The French government today presented a budget that was heavy on taxes - including a controversial 75% income rate on high earners.
But critics said it lacked fundamental reforms that could jumpstart growth.
President Francois Hollande's cabinet defended the spending plan for next year, calling it a "fighting budget" that would win the "battle" against joblessness and help growth.
France must tread a fine line between cutting the debts that dragged them into the financial crisis and investing in the economy to spur growth.
The French economy, the second largest among the 17 countries that use the euro, has not grown for three quarters in a row, the national statistics agency confirmed today.

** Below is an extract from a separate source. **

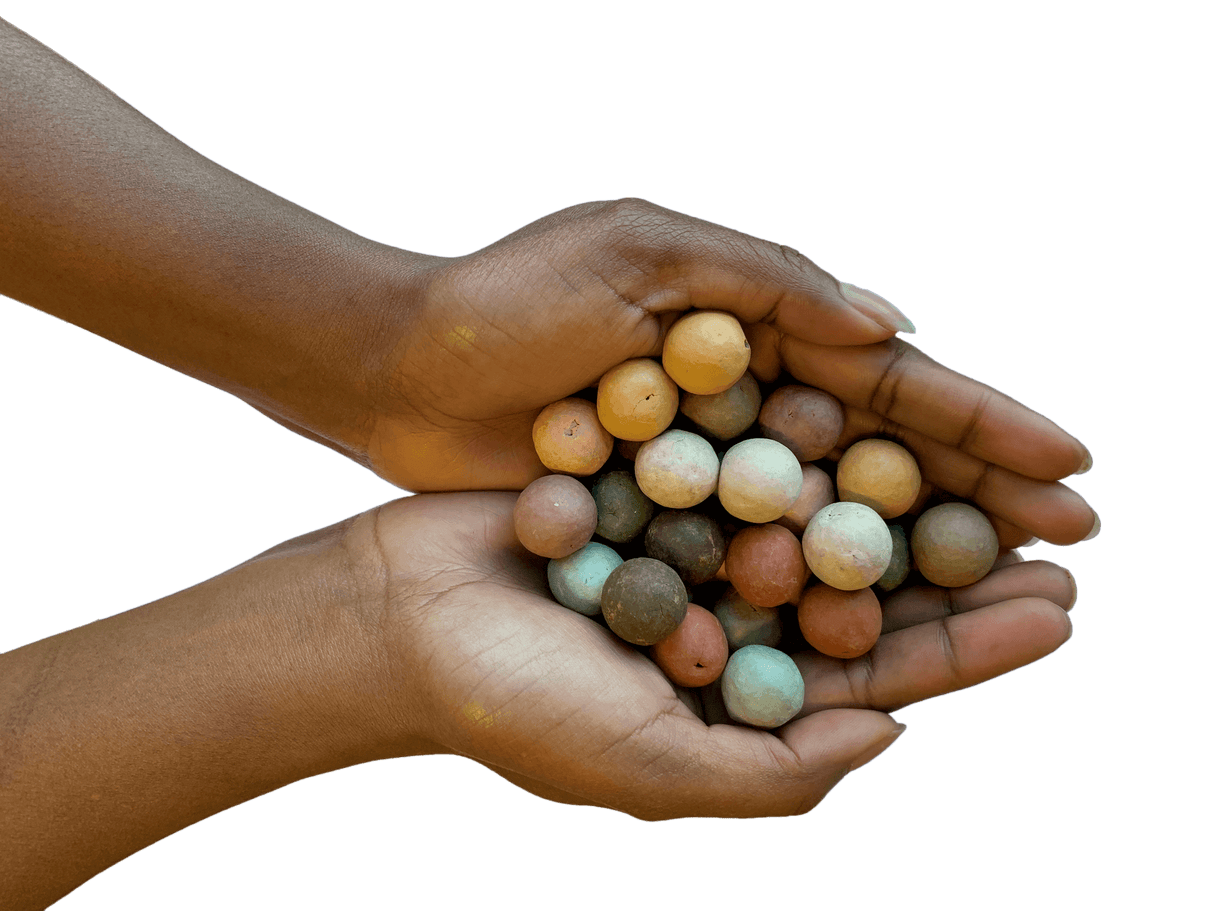 KRAFT BAG MET 25 BLOSSOMBS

Unemployment has been on the rise for more than a year and stands at 10.2%.
Economists warn, however, that things could get much worse in France if it does not get serious about slashing state spending and reforming stringent labour laws.

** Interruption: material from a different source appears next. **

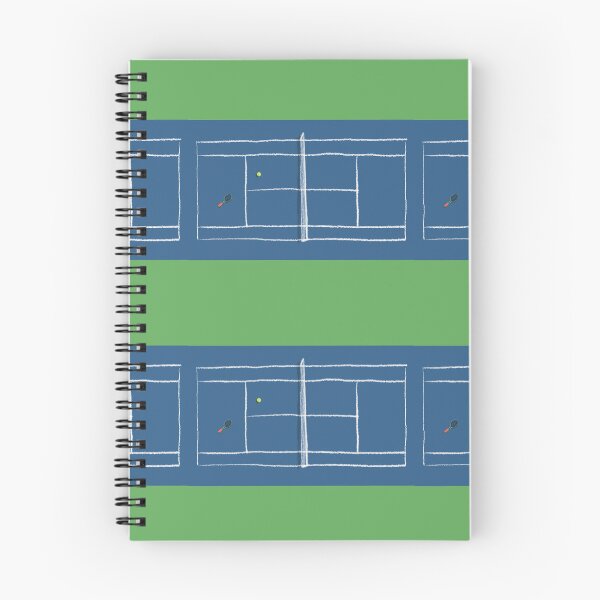 Item preview, Game-Set-Match (blue and green tennis court) designed and sold by The Sketchlight.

"This is a serious budget, it's a leftist budget and it's fighting budget," Finance Minister Pierre Moscovici told French radio this morning.
Because Hollande promised that he would slash the country's deficit to 3% next year - a limit required by European rules - the government must find €30 billion in savings. One-third will come in spending cuts, with the rest in new or higher taxes on the wealthy and big companies, including a 75% tax on incomes over €1m.
Among the other measures included are: a new income tax level at 45% for those making more than 150,000, an increase of capital gains taxes to bring them more in line with how salaries are taxed, and a cap on certain deductions for large companies on their income taxes.
The 75% tax will last for two years and has always been billed as a symbolic measure since it will bring in very little revenue.
Several businessmen and politicians in the opposition have said that is exactly what is wrong with the 2013 budget: It sends the message that France doesn't like the rich and is not open for business.
But Prime Minister Jean-Marc Ayrault has insisted that the budget would win the battle against unemployment. "It's a budget that aims to inspire confidence and to break the debt spiral that keeps growing and growing," he said after the budget was presented to the Cabinet.
The budget is built around an expectation of 0.8% growth for next year. If growth misses the projections, more cuts could be needed later. Moscovici conceded that most economists predict the French economy will grow just 0.5%, but said that if the European debt crisis stabilises, France would meet its targets.